How to Strengthen Your Cloud Workload Security
How to Strengthen Your Cloud Workload Security
Whether you’re running virtual machines (VMs), containers, serverless functions, or managed databases, every organization using the cloud has a responsibility to secure its workload.
Cloud workload security focuses on protecting the applications and data that power your business – and ensuring they’re resilient against emerging threats. In this article, we’ll break down what cloud workload security means, what types of workloads you need to consider, and best practices to improve your security posture across your environment.
What Is Cloud Workload Security?
Cloud workload security refers to the practices, tools, and controls used to protect applications and data in cloud environments.
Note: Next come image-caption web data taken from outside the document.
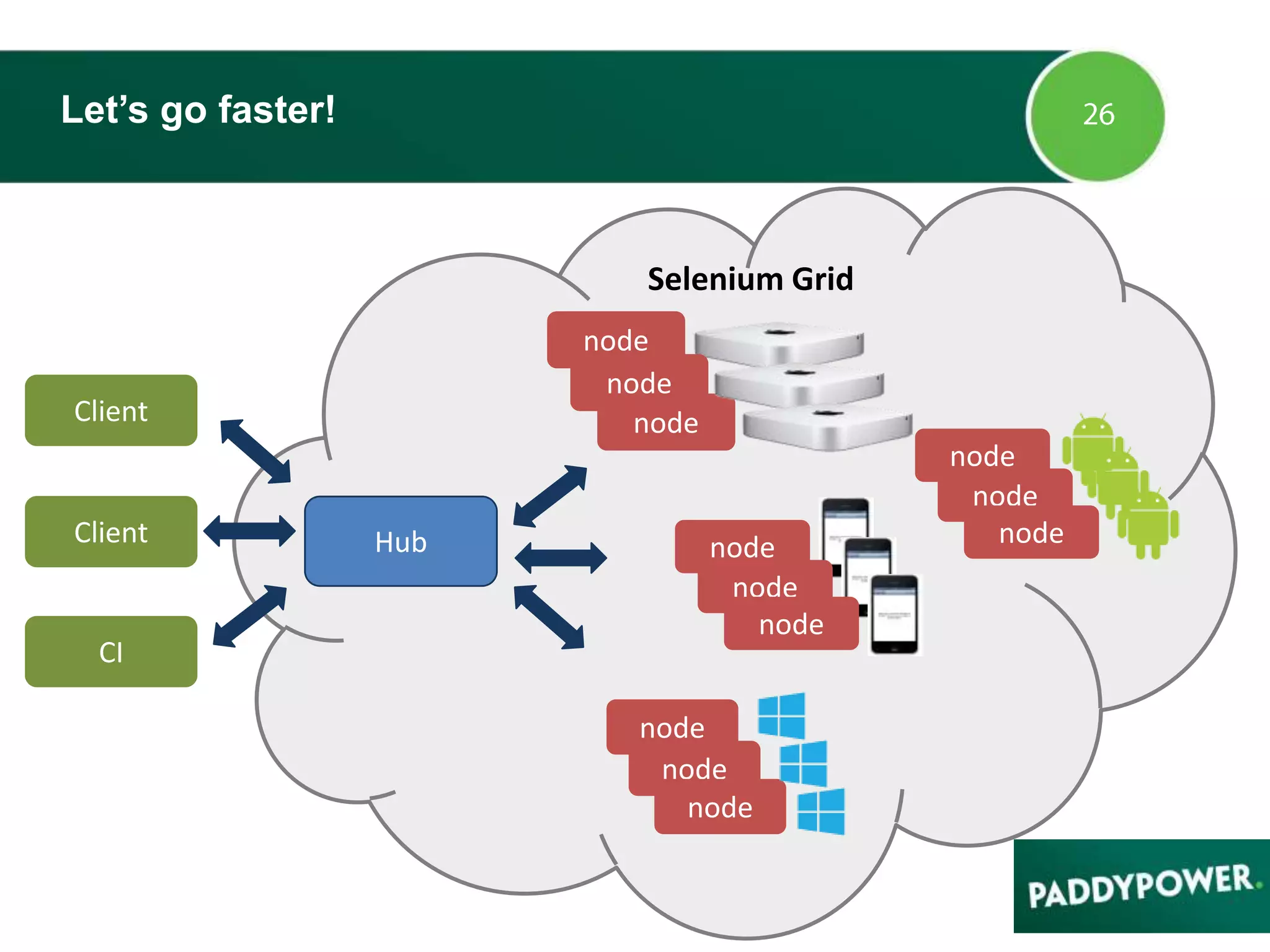 Let’s go faster!
Client
HubClient
CI
Selenium Grid
node
node
node
node
node
node
node
node
node
node
node
node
These workloads can include:
- VMs
- Containers
- Serverless functions
- Databases
- Storage objects
- Machine learning models
- APIs
Each of these components plays a critical role in cloud architecture. They also come with unique security considerations.
Components of Cloud Workload Security
Measures that may be taken as part of cloud workload security can include identity and access management (IAM), data protection, threat detection, and monitoring.
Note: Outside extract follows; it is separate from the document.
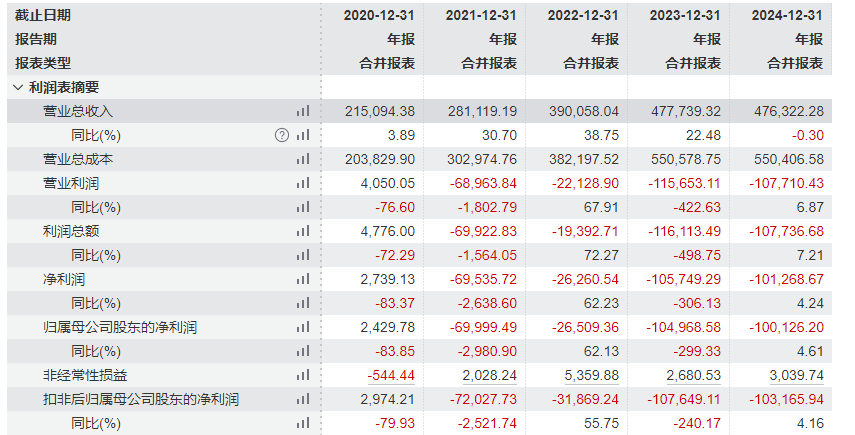 彻底告别“星期六”：遥望科技4.53亿出售鞋业资产，直播电商之路再无退路_彻底告别“星期六”：遥望科技4.53亿出售鞋业资产，直播电商之路再无退路_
Identity and Access Management
IAM is concerned with who has access to cloud resources and what they are allowed to with that access. Only authorized users should be able to access cloud resources, and within that, certain job functions may require different levels of access than others. A strong IAM approach includes authentication, authorization, and role-based access control. It also applies to the principle of least privilege.
Data Protection
Data protection is central to cloud workload security and can involve any measures necessary to keep data safe, including encryption, masking, and tokenizing. These approaches secure data at rest and in transit and can make it possible to analyze customer information while masking sensitive data.
When businesses lose data, there can be serious negative impacts to their revenue, worker confidence, client relationships, and more. Data loss prevention (DLP) tools and policies should be enacted to mitigate data loss, which may include a data loss and recovery plan. Data that is regularly backed up and easy to access can maintain business continuity if data is corrupted or otherwise lost.
Threat Detection and Response
Cybercriminals can exploit zero-day vulnerabilities, weaknesses in internal cybersecurity knowledge, social engineering messages, or stolen credentials to infiltrate. Two of the most common and most expensive attack vectors, according to IBM, include stolen or compromised credentials (16%) and phishing (15%). Ransomware also presents a significant risk after these initial attack vectors have taken hold, locking users out of accounts and demanding payment for encrypted or otherwise inaccessible data. Integrate SIEM/SOAR (Security Information and Event Management / Security Orchestration, Automation, and Response) to enable automated threat response and remediation.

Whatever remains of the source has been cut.